Rabbi Elya Chaim of Lodz (1821-1912) was often involved in raising money for worthy causes. During one especially harsh winter the price of firewood rose dramatically. Rabbi Elya Chaim visited wealthy homes to collect money with which to heat the homes of the poor.
When he approached Kalman Poznanski, the most prosperous man in the city, Kalman met him at the door. “Welcome, honored Rabbi. Please, come in.”
Rabbi Elya Chaim proceeded to discuss a variety of matters with Kalman, not budging from the doorstep. Kalman was freezing, but did not want to interrupt his respected visitor to reiterate his invitation. Things continued in the same vein for some time, until Kalman’s teeth began to chatter and his hands turned numb.
“Please, honored Rabbi” he ventured “I am freezing. Can we discuss this inside my home, before the fire?”
“Now,” said Rabbi Elya Chaim, still remaining on the threshold “I will tell you why I have come. The high price of firewood has made it impossible for the poor of our city to heat their homes. They are freezing, Kalman. I have come to ask you to contribute to a fund to secure kindling for these homes.”

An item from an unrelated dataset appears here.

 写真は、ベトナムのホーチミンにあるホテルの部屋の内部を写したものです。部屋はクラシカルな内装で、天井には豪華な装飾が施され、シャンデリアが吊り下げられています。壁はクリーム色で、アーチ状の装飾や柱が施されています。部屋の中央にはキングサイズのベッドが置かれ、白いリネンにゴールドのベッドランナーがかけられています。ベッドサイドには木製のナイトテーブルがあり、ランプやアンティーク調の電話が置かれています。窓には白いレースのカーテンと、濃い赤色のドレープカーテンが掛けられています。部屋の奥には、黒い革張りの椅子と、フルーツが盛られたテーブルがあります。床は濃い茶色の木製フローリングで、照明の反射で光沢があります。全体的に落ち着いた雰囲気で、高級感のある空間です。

Poznanski gladly, unhesitatingly, gave a large sum to this deserving endeavor. Rabbi Elya Chaim then entered Kalman’s home and both sat on the cozy couches in the warm living room.
“Excuse me, Rabbi” began Reb Kalman, no longer able to stifle his curiosity “Why did you remain outside for so long? Firstly it does not seem fitting for a Rabbi to stand on the doorstep. Secondly we were standing in the cold unnecessarily.”
“It was the most practical course” responded Reb Elya Chaim. “There is a popular aphorism ‘a person who is satiated cannot fathom the suffering of one who is hungry’. I came to impress upon you the tribulations of those who have no wood with which to warm their homes. This was best done by letting you feel, for a time, the cold they encounter daily. Had I tried to explain their plight to you, sitting here comfortably, the gravity of the situation would have remained hidden to you. Therefore, I kept you in the cold at the door first, to allow you this chance to fully grasp the severity of their situation.
When the weather is severely cold, a gentile may be instructed to kindle a fire or turn up the heat (Shulchan Aruch 276:5).